==== PROVIDED ENTRIES ====
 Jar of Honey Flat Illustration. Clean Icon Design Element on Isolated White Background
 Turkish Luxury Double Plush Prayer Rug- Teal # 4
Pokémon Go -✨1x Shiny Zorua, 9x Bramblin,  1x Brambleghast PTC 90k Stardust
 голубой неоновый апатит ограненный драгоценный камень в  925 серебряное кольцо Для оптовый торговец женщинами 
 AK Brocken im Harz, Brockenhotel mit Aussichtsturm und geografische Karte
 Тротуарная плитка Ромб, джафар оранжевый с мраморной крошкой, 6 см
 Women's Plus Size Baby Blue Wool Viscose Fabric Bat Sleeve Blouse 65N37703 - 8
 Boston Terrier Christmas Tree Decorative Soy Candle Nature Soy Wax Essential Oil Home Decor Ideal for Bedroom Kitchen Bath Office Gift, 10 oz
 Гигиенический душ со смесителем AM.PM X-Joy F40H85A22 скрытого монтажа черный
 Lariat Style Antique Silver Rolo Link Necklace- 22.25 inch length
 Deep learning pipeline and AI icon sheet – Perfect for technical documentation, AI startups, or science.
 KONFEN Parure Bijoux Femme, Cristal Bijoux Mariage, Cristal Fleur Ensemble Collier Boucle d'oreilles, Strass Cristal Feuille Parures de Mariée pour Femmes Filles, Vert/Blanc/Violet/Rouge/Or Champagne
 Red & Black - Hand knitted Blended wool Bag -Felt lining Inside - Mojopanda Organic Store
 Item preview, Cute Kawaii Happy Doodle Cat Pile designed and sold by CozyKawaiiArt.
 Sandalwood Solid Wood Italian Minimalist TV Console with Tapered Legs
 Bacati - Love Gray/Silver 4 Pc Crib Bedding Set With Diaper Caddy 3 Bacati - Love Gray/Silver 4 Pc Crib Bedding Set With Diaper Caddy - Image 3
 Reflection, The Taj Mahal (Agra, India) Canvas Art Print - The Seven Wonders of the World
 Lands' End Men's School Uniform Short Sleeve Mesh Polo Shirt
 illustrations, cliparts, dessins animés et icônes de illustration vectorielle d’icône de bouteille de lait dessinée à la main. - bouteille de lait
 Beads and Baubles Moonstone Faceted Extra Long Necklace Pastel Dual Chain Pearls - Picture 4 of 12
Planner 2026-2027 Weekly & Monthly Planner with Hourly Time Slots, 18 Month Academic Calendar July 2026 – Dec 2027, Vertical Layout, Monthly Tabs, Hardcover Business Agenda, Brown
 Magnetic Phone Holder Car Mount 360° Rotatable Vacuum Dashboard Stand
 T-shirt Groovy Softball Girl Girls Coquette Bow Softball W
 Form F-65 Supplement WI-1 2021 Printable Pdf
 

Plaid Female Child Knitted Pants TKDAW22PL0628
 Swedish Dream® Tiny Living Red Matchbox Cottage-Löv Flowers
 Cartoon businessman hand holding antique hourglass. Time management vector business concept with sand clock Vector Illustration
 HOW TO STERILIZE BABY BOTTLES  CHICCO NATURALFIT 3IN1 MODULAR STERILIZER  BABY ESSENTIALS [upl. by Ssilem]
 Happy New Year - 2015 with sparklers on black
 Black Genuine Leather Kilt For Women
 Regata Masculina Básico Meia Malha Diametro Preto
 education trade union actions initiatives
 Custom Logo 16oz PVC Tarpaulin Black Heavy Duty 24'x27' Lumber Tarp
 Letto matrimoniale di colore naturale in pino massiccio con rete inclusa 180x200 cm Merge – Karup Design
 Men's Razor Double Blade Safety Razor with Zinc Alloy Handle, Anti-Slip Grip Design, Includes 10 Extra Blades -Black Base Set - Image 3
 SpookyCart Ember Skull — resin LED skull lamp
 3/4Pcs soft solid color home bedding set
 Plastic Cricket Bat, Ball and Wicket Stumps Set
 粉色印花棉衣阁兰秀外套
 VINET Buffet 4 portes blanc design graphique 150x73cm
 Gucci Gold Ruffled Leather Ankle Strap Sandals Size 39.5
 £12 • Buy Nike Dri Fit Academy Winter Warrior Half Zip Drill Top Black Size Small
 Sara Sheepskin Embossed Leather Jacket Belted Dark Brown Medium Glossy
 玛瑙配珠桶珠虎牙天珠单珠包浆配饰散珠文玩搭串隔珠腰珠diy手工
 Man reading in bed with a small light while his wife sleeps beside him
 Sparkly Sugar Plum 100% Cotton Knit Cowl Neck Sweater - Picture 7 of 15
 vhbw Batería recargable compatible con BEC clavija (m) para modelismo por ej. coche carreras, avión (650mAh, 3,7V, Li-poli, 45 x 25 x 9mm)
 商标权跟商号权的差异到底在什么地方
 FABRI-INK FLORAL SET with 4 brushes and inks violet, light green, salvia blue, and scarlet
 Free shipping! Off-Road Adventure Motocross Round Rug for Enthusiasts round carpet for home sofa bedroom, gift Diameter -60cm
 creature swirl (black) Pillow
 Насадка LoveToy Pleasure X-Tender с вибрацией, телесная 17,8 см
====
_PROBLEM REQUIREMENTS:_ Exactly as they appear, restate all of the entries.

_WRITTEN ANSWER:_
 Jar of Honey Flat Illustration. Clean Icon Design Element on Isolated White Background
 Turkish Luxury Double Plush Prayer Rug- Teal # 4
Pokémon Go -✨1x Shiny Zorua, 9x Bramblin,  1x Brambleghast PTC 90k Stardust
 голубой неоновый апатит ограненный драгоценный камень в  925 серебряное кольцо Для оптовый торговец женщинами 
 AK Brocken im Harz, Brockenhotel mit Aussichtsturm und geografische Karte
 Тротуарная плитка Ромб, джафар оранжевый с мраморной крошкой, 6 см
 Women's Plus Size Baby Blue Wool Viscose Fabric Bat Sleeve Blouse 65N37703 - 8
 Boston Terrier Christmas Tree Decorative Soy Candle Nature Soy Wax Essential Oil Home Decor Ideal for Bedroom Kitchen Bath Office Gift, 10 oz
 Гигиенический душ со смесителем AM.PM X-Joy F40H85A22 скрытого монтажа черный
 Lariat Style Antique Silver Rolo Link Necklace- 22.25 inch length
 Deep learning pipeline and AI icon sheet – Perfect for technical documentation, AI startups, or science.
 KONFEN Parure Bijoux Femme, Cristal Bijoux Mariage, Cristal Fleur Ensemble Collier Boucle d'oreilles, Strass Cristal Feuille Parures de Mariée pour Femmes Filles, Vert/Blanc/Violet/Rouge/Or Champagne
 Red & Black - Hand knitted Blended wool Bag -Felt lining Inside - Mojopanda Organic Store
 Item preview, Cute Kawaii Happy Doodle Cat Pile designed and sold by CozyKawaiiArt.
 Sandalwood Solid Wood Italian Minimalist TV Console with Tapered Legs
 Bacati - Love Gray/Silver 4 Pc Crib Bedding Set With Diaper Caddy 3 Bacati - Love Gray/Silver 4 Pc Crib Bedding Set With Diaper Caddy - Image 3
 Reflection, The Taj Mahal (Agra, India) Canvas Art Print - The Seven Wonders of the World
 Lands' End Men's School Uniform Short Sleeve Mesh Polo Shirt
 illustrations, cliparts, dessins animés et icônes de illustration vectorielle d’icône de bouteille de lait dessinée à la main. - bouteille de lait
 Beads and Baubles Moonstone Faceted Extra Long Necklace Pastel Dual Chain Pearls - Picture 4 of 12
Planner 2026-2027 Weekly & Monthly Planner with Hourly Time Slots, 18 Month Academic Calendar July 2026 – Dec 2027, Vertical Layout, Monthly Tabs, Hardcover Business Agenda, Brown
 Magnetic Phone Holder Car Mount 360° Rotatable Vacuum Dashboard Stand
 T-shirt Groovy Softball Girl Girls Coquette Bow Softball W
 Form F-65 Supplement WI-1 2021 Printable Pdf
 

Plaid Female Child Knitted Pants TKDAW22PL0628
 Swedish Dream® Tiny Living Red Matchbox Cottage-Löv Flowers
 Cartoon businessman hand holding antique hourglass. Time management vector business concept with sand clock Vector Illustration
 HOW TO STERILIZE BABY BOTTLES  CHICCO NATURALFIT 3IN1 MODULAR STERILIZER  BABY ESSENTIALS [upl. by Ssilem]
 Happy New Year - 2015 with sparklers on black
 Black Genuine Leather Kilt For Women
 Regata Masculina Básico Meia Malha Diametro Preto
 education trade union actions initiatives
 Custom Logo 16oz PVC Tarpaulin Black Heavy Duty 24'x27' Lumber Tarp
 Letto matrimoniale di colore naturale in pino massiccio con rete inclusa 180x200 cm Merge – Karup Design
 Men's Razor Double Blade Safety Razor with Zinc Alloy Handle, Anti-Slip Grip Design, Includes 10 Extra Blades -Black Base Set - Image 3
 SpookyCart Ember Skull — resin LED skull lamp
 3/4Pcs soft solid color home bedding set
 Plastic Cricket Bat, Ball and Wicket Stumps Set
 粉色印花棉衣阁兰秀外套
 VINET Buffet 4 portes blanc design graphique 150x73cm
 Gucci Gold Ruffled Leather Ankle Strap Sandals Size 39.5
 £12 • Buy Nike Dri Fit Academy Winter Warrior Half Zip Drill Top Black Size Small
 Sara Sheepskin Embossed Leather Jacket Belted Dark Brown Medium Glossy
 玛瑙配珠桶珠虎牙天珠单珠包浆配饰散珠文玩搭串隔珠腰珠diy手工
 Man reading in bed with a small light while his wife sleeps beside him
 Sparkly Sugar Plum 100% Cotton Knit Cowl Neck Sweater - Picture 7 of 15
 vhbw Batería recargable compatible con BEC clavija (m) para modelismo por ej. coche carreras, avión (650mAh, 3,7V, Li-poli, 45 x 25 x 9mm)
 商标权跟商号权的差异到底在什么地方
 FABRI-INK FLORAL SET with 4 brushes and inks violet, light green, salvia blue, and scarlet
 Free shipping! Off-Road Adventure Motocross Round Rug for Enthusiasts round carpet for home sofa bedroom, gift Diameter -60cm
 creature swirl (black) Pillow
 Насадка LoveToy Pleasure X-Tender с вибрацией, телесная 17,8 см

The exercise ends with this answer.